> **Exercise directions**
Scan the records for "premium". Report each line that includes it.

(Stored items from a collection)
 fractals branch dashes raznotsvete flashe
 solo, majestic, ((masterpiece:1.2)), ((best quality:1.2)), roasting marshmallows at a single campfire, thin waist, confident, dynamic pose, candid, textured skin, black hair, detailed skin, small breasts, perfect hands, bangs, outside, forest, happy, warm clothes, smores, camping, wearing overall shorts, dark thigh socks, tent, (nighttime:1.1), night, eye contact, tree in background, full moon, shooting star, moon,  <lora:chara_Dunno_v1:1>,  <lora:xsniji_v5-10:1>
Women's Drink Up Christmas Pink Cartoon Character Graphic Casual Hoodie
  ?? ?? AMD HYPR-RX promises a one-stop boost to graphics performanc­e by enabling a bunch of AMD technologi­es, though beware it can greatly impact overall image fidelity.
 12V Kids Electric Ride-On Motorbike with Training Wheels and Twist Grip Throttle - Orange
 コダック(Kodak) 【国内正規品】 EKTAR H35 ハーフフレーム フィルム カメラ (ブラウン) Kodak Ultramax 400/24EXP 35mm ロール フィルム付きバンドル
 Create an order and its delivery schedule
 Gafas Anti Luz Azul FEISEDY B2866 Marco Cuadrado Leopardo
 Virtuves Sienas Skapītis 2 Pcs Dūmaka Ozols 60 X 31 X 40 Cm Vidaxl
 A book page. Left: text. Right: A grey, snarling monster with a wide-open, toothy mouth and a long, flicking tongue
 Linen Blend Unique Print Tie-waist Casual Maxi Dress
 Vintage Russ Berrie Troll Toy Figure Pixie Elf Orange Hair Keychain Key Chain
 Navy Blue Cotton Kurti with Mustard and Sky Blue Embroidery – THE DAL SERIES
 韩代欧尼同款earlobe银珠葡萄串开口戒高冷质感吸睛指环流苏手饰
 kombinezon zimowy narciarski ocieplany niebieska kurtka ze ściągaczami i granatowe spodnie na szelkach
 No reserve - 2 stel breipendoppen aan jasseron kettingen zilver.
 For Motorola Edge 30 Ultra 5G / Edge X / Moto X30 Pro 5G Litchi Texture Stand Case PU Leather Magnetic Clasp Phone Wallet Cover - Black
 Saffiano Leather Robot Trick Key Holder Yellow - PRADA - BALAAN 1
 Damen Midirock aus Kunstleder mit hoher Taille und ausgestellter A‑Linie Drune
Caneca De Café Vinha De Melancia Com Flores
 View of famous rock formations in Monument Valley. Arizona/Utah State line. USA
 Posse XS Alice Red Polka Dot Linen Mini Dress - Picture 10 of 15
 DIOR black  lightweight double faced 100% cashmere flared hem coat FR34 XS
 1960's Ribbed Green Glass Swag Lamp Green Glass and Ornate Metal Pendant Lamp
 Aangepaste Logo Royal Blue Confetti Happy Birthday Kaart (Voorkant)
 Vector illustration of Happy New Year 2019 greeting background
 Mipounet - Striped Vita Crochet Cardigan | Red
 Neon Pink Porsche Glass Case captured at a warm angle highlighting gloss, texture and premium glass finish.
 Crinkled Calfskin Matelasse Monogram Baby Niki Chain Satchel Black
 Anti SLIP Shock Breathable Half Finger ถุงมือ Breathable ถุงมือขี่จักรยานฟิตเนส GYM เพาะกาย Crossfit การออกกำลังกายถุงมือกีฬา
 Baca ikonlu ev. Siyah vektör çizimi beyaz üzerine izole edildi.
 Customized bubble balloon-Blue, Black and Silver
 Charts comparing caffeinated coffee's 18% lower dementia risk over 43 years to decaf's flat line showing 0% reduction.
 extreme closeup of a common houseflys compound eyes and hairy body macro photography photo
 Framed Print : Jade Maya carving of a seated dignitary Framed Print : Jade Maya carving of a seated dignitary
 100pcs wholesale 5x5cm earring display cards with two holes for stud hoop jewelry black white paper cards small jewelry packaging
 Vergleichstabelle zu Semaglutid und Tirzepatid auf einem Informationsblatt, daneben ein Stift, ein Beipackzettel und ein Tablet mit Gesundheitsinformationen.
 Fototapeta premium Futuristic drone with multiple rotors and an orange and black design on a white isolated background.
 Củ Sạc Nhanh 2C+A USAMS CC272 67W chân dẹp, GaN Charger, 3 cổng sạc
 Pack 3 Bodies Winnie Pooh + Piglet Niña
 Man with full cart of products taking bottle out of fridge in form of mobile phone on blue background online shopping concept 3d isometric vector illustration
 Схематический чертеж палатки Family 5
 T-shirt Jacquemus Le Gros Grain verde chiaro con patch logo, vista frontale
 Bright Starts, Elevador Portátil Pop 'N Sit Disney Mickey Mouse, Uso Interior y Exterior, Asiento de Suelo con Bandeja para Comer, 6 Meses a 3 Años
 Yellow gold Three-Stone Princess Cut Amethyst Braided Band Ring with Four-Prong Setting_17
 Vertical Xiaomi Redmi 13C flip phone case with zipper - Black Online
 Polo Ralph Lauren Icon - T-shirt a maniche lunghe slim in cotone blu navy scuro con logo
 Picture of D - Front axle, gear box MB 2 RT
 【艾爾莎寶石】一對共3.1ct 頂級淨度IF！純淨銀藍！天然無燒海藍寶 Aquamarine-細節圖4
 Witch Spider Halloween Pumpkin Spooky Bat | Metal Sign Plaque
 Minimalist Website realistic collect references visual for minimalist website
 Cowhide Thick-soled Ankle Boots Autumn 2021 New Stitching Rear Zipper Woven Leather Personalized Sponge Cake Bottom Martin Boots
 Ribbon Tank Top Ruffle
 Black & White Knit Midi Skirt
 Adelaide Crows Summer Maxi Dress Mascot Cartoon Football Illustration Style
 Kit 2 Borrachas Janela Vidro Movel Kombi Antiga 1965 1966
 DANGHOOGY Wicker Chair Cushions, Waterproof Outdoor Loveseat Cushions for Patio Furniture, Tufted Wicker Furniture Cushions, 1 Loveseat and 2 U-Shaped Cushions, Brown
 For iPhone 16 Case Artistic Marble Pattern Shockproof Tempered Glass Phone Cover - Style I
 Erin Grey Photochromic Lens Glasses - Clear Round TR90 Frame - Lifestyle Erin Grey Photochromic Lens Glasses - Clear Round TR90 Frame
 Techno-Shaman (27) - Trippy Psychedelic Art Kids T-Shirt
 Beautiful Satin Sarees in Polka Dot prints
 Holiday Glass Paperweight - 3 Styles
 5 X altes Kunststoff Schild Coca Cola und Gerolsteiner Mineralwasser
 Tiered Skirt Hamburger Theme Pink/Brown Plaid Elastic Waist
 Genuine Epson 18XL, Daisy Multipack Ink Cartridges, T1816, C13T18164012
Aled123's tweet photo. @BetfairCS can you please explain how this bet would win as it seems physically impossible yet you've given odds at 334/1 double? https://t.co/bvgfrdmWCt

> **Solution below**
 Neon Pink Porsche Glass Case captured at a warm angle highlighting gloss, texture and premium glass finish.
 Fototapeta premium Futuristic drone with multiple rotors and an orange and black design on a white isolated background.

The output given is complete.